#### [PROVIDED DATA]
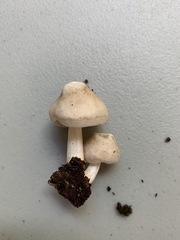 Pluteus leucoborealis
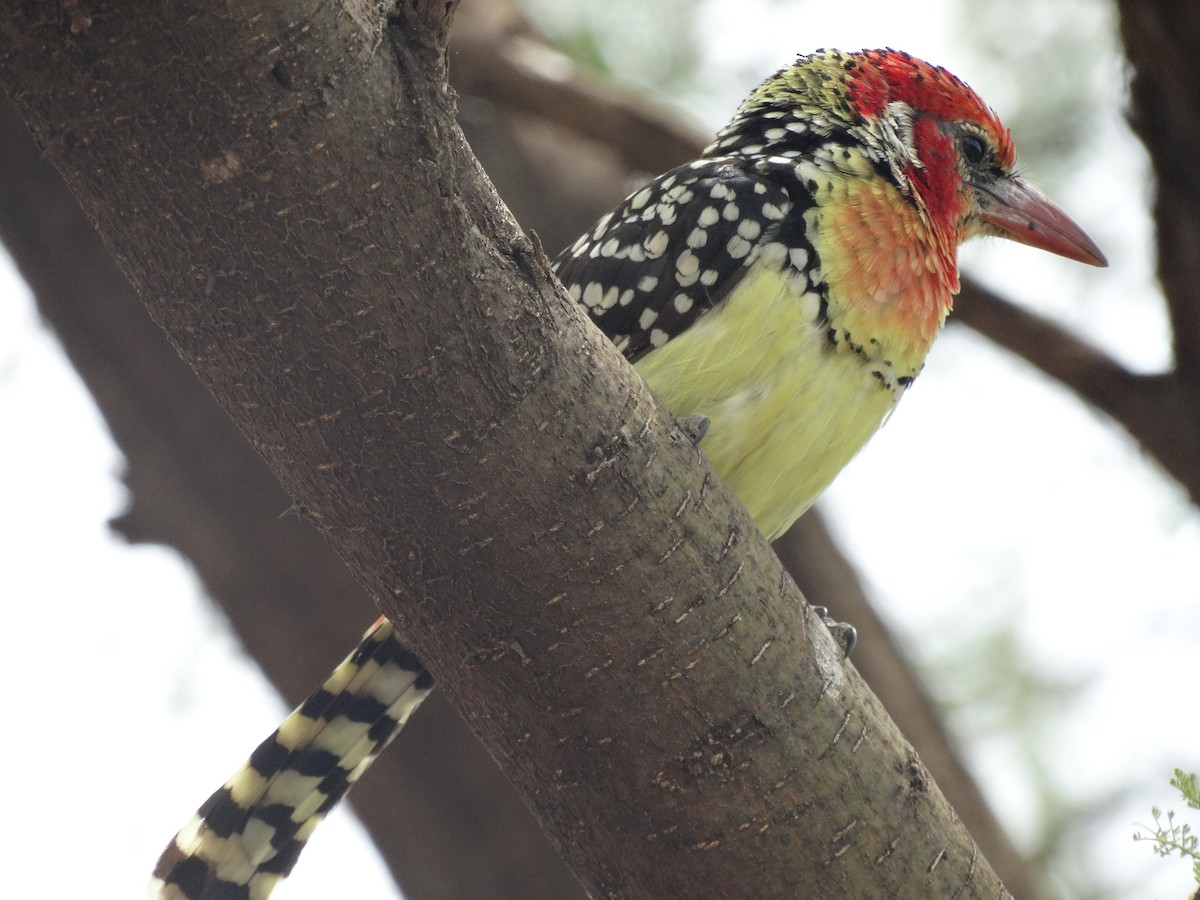 Red-and-yellow Barbet - ML638868381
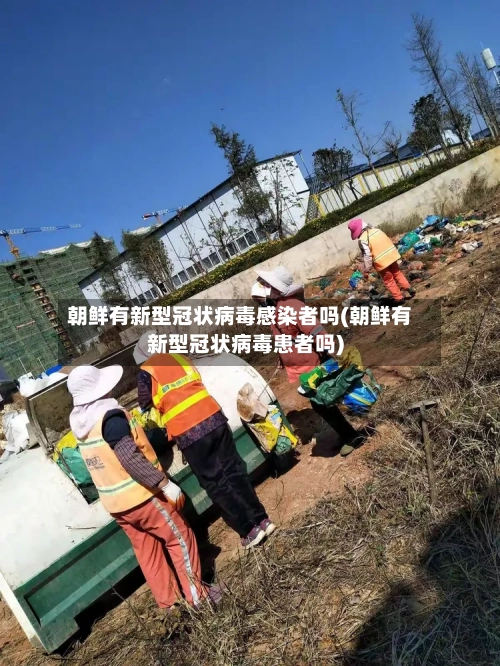 朝鲜有新型冠状病毒感染者吗(朝鲜有新型冠状病毒患者吗)-第1张图片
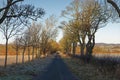 Looking down a straight Scottish Minor Road, with a line of bare trees and Hedgerows in the shadows.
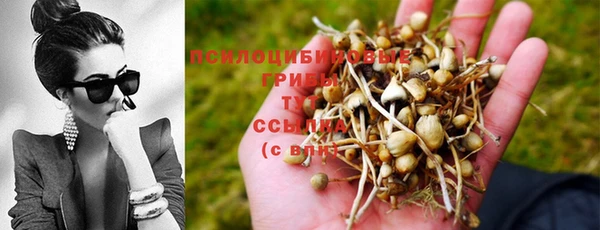 spice Волосово
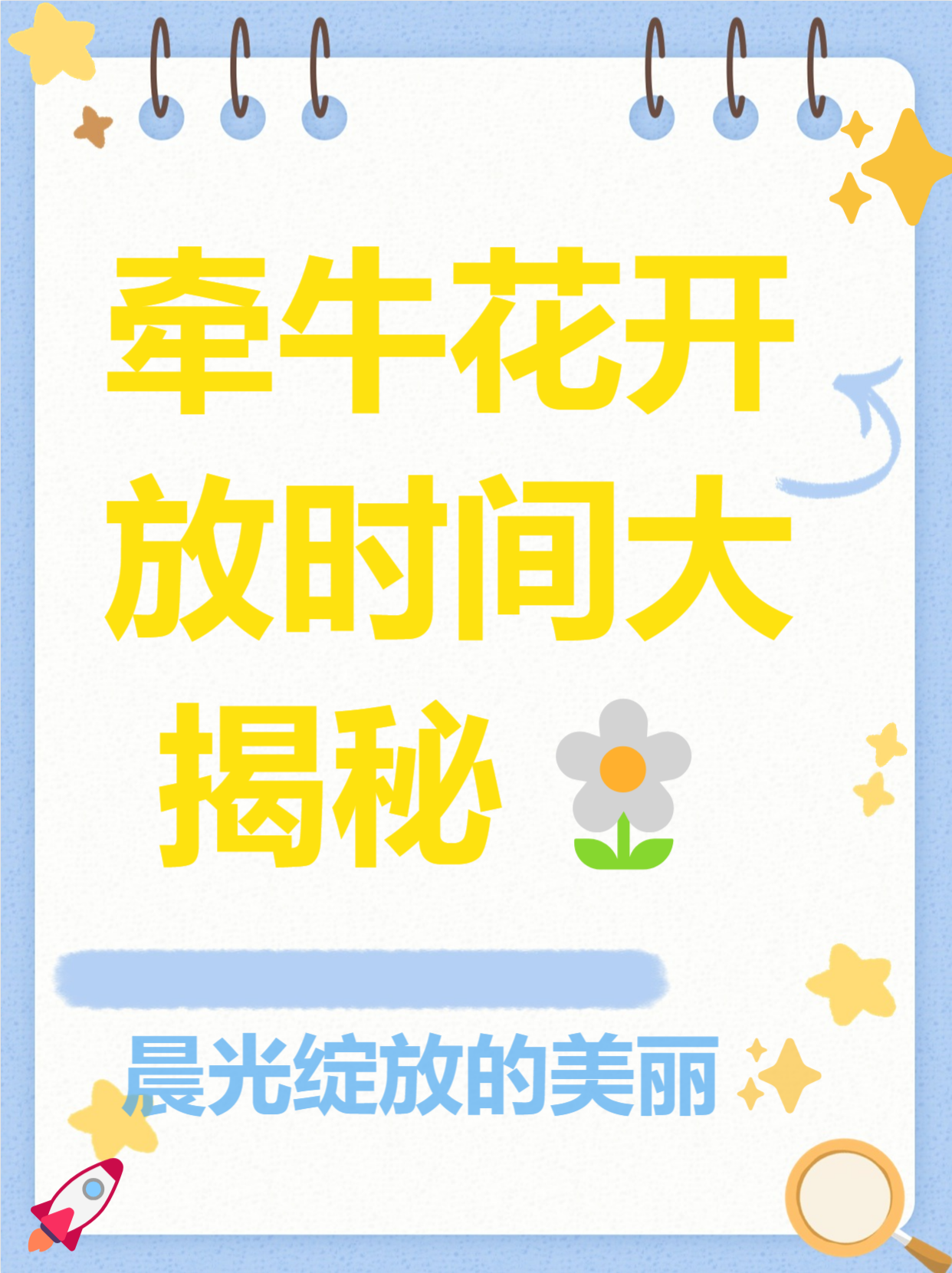 通过这篇文章,你会了解牵牛花的花期,开花时间,凋谢时间以及影响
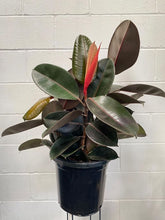 Load image into Gallery viewer, Ficus Elastica 'burgundy'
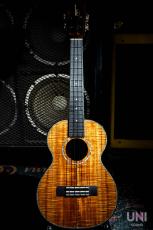 Kamaka HF-3D2I / 2020_2
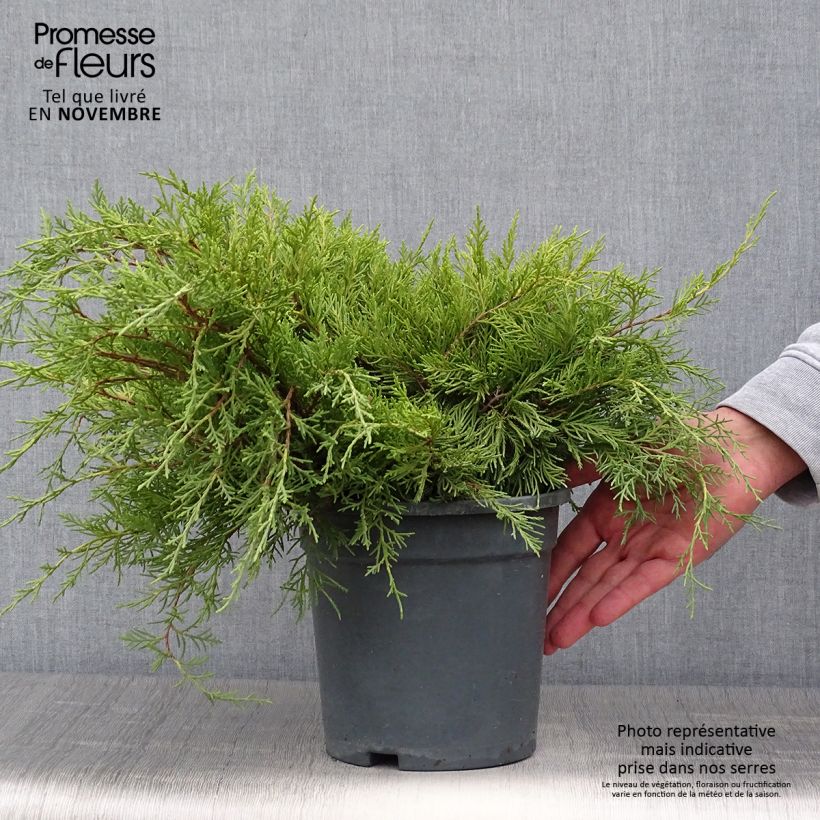 Exemplar von Juniperus pfitzeriana Gold Coast Topf mit 2L/3L wie im Herbst geliefert
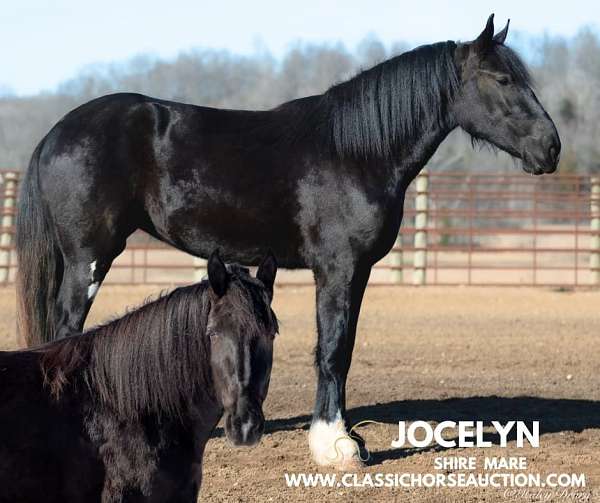 affectionate-shire-horse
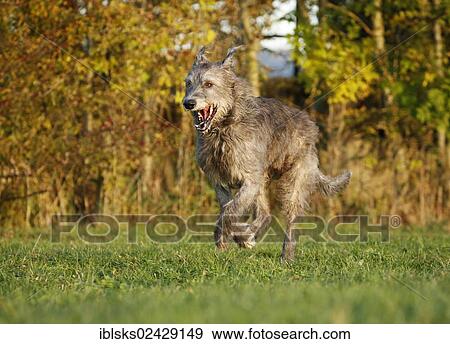 Irish Wolfhound running across a meadow View Large Photo Image Stock Photo - Irish Wolfhound running across a meadow. Fotosearch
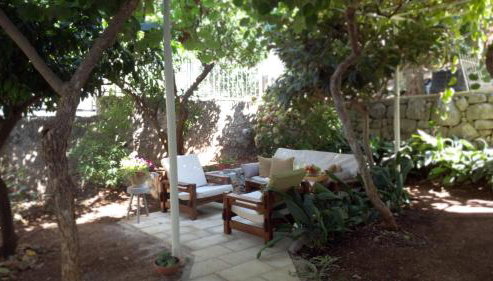 Aspidistra Shadow - Foto 2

#### [YOUR INSTRUCTIONS]
Make an exact copy of the records, pictures excluded.

#### [YOUR RESPONSE]
 Pluteus leucoborealis
 Red-and-yellow Barbet - ML638868381
 朝鲜有新型冠状病毒感染者吗(朝鲜有新型冠状病毒患者吗)-第1张图片
 Looking down a straight Scottish Minor Road, with a line of bare trees and Hedgerows in the shadows.
 spice Волосово
 通过这篇文章,你会了解牵牛花的花期,开花时间,凋谢时间以及影响
 Load image into Gallery viewer, Ficus Elastica 'burgundy'
 Kamaka HF-3D2I / 2020_2
 Exemplar von Juniperus pfitzeriana Gold Coast Topf mit 2L/3L wie im Herbst geliefert
 affectionate-shire-horse
 Irish Wolfhound running across a meadow View Large Photo Image Stock Photo - Irish Wolfhound running across a meadow. Fotosearch
 Aspidistra Shadow - Foto 2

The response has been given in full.